The Apollo program was the program that put man on the moon. The Apollo 1 mission was going to be the first of several manned flights. The crew often complained that the spacecraft was not ready for a launch. On January 27th, the crew spent the afternoon inside the capsule, problem-solving and going over a checklist of items of things to fix and check. The crew noticed a foul odor coming from the oxygen tank. Soon after, the spacecraft’s interior became filled with smoke and engulfed in flames. Heat caused the air pressure inside the craft to rise, making it impossible to open the hatch from the inside. After about 30 seconds, the spacecraft ruptured. The crew died of asphyxiation.


A series of critical mistakes contributed to the fire.
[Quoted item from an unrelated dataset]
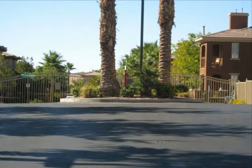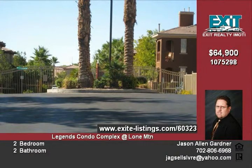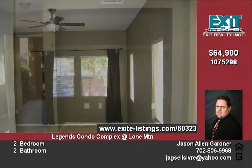3832 Oman Beach Lane, unit 104 is a 1,024 square foot first-floor condominium with two bedrooms, two full baths, a shared covered porch and private covered patio, located in the Legends condominium complex with Lone Mountain as a backdrop.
There was an abundance of flammable materials inside the spacecraft. The air inside the spacecraft was also filled with pure oxygen as opposed to a mix of oxygen and nitrogen, like the earth’s atmosphere. Pure oxygen made the spacecraft extremely flammable. Some believe that the political pressure to get to the moon at the height of the space race may have led to NASA overlooking some of the safety concerns.


Today, NASA’s Kennedy Space Center in Florida will unveil a new Apollo 1 tribute in its visitor complex at the Apollo/Saturn V Center.